Print each entry precisely; exclude the pictures.

++++ Extracted data

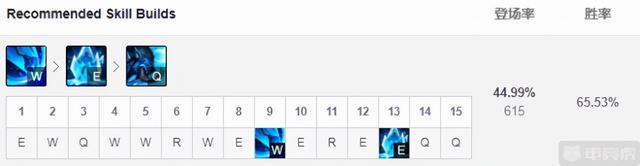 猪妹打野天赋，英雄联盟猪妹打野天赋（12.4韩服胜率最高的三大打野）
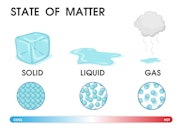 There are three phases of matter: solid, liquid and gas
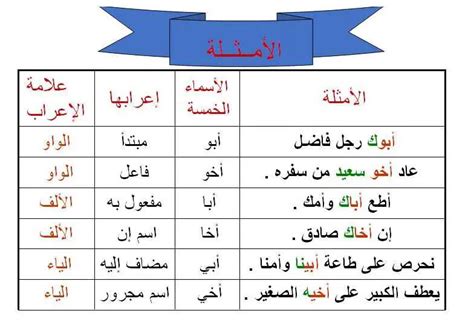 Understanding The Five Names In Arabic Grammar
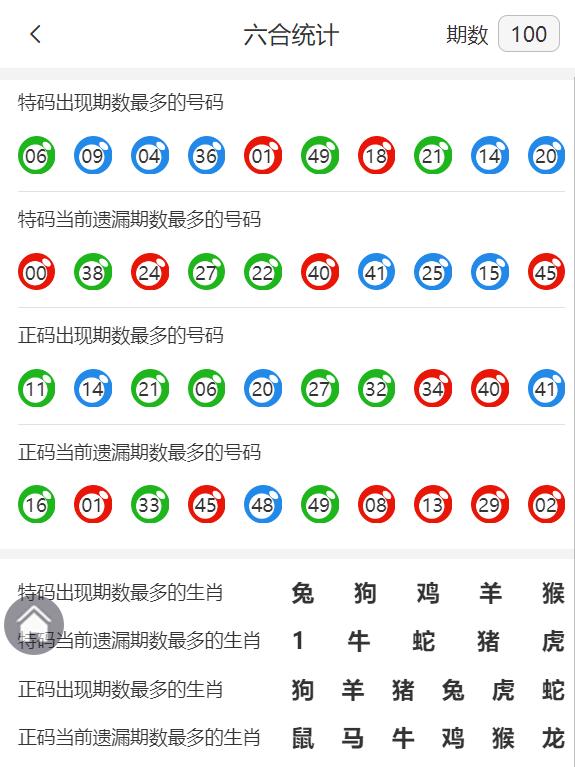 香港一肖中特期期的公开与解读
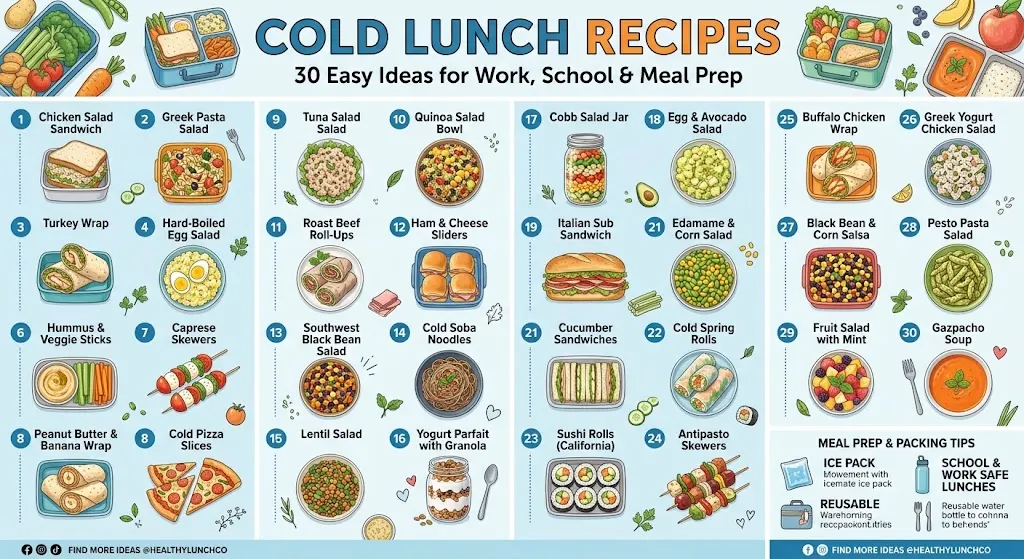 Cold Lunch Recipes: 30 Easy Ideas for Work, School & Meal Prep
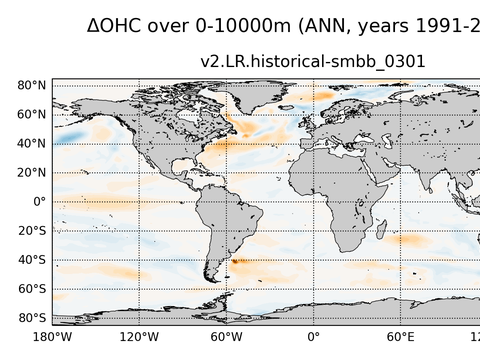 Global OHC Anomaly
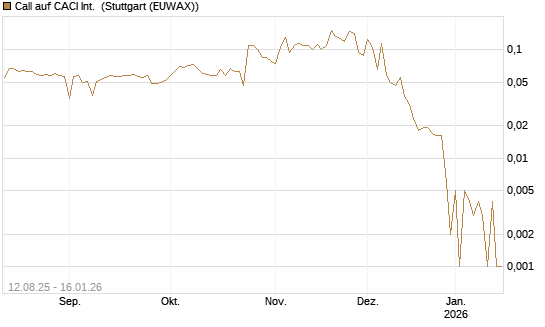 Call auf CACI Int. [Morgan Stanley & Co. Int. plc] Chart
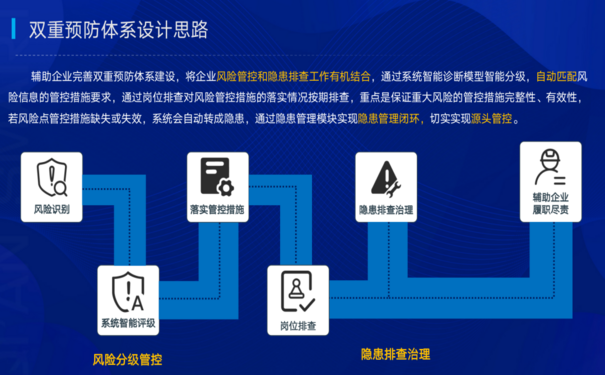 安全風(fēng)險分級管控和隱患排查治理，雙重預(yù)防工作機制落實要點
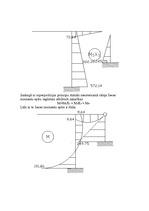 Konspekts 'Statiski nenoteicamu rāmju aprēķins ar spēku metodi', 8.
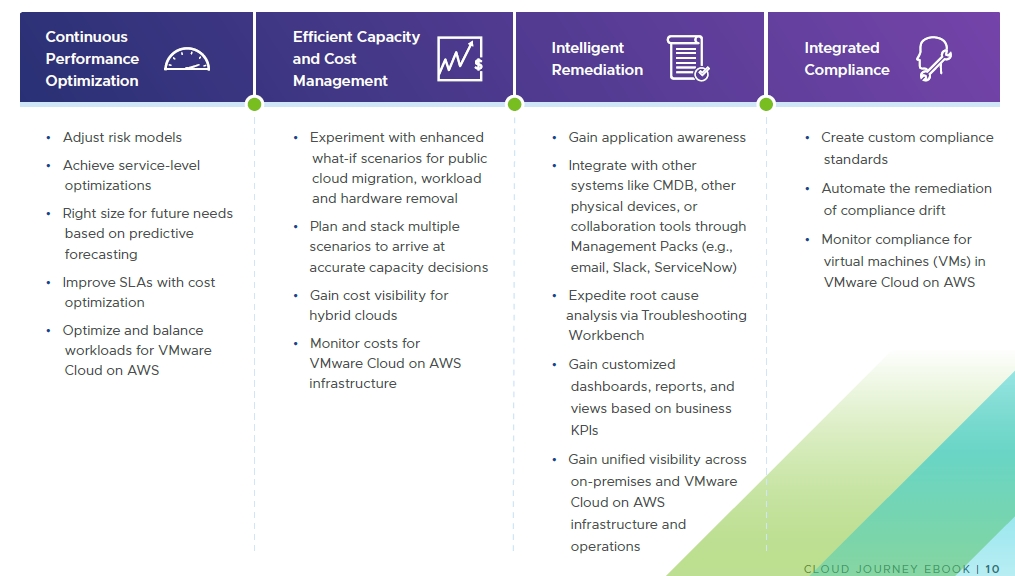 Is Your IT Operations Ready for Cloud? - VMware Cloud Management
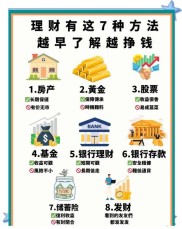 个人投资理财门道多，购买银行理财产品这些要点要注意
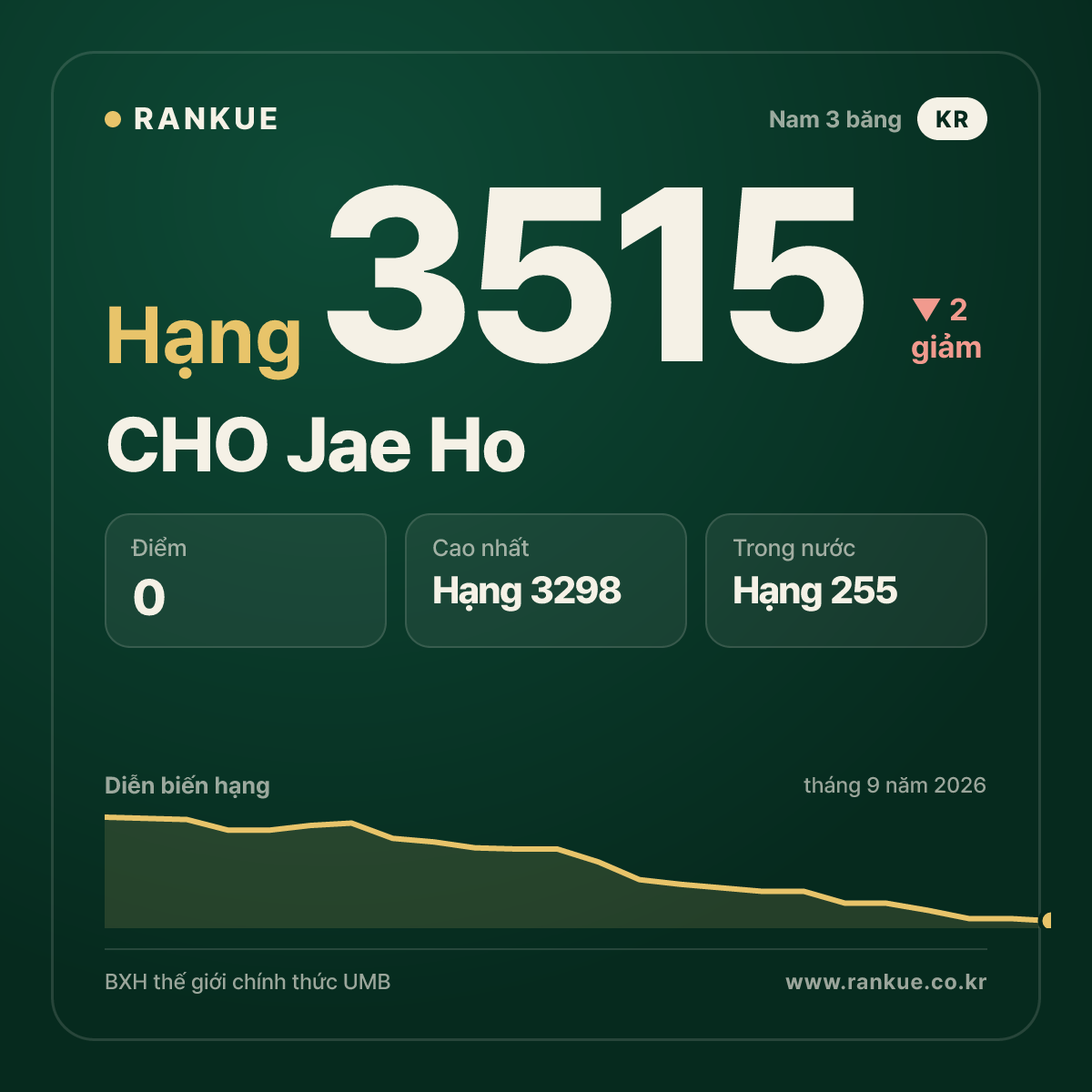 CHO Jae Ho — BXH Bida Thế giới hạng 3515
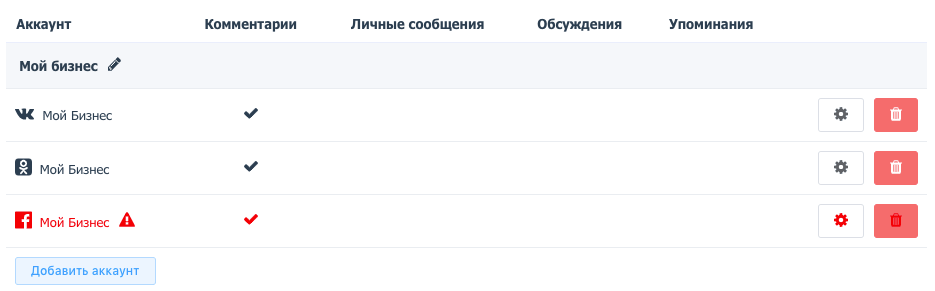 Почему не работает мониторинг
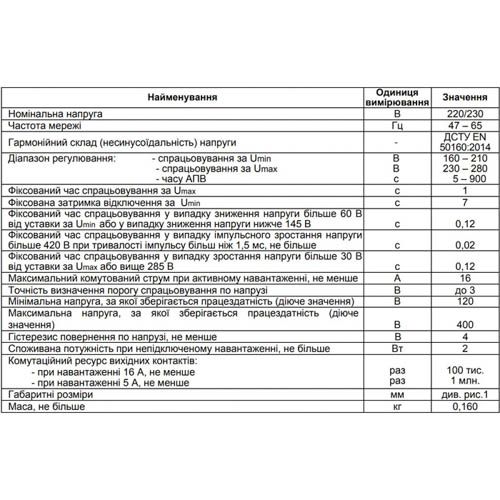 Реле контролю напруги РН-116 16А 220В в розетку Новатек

++++++++

• _Written answer_
 猪妹打野天赋，英雄联盟猪妹打野天赋（12.4韩服胜率最高的三大打野）
 There are three phases of matter: solid, liquid and gas
 Understanding The Five Names In Arabic Grammar
 香港一肖中特期期的公开与解读
 Cold Lunch Recipes: 30 Easy Ideas for Work, School & Meal Prep
 Global OHC Anomaly
 Call auf CACI Int. [Morgan Stanley & Co. Int. plc] Chart
 安全風(fēng)險分級管控和隱患排查治理，雙重預(yù)防工作機制落實要點
 Konspekts 'Statiski nenoteicamu rāmju aprēķins ar spēku metodi', 8.
 Is Your IT Operations Ready for Cloud? - VMware Cloud Management
 个人投资理财门道多，购买银行理财产品这些要点要注意
 CHO Jae Ho — BXH Bida Thế giới hạng 3515
 Почему не работает мониторинг
 Реле контролю напруги РН-116 16А 220В в розетку Новатек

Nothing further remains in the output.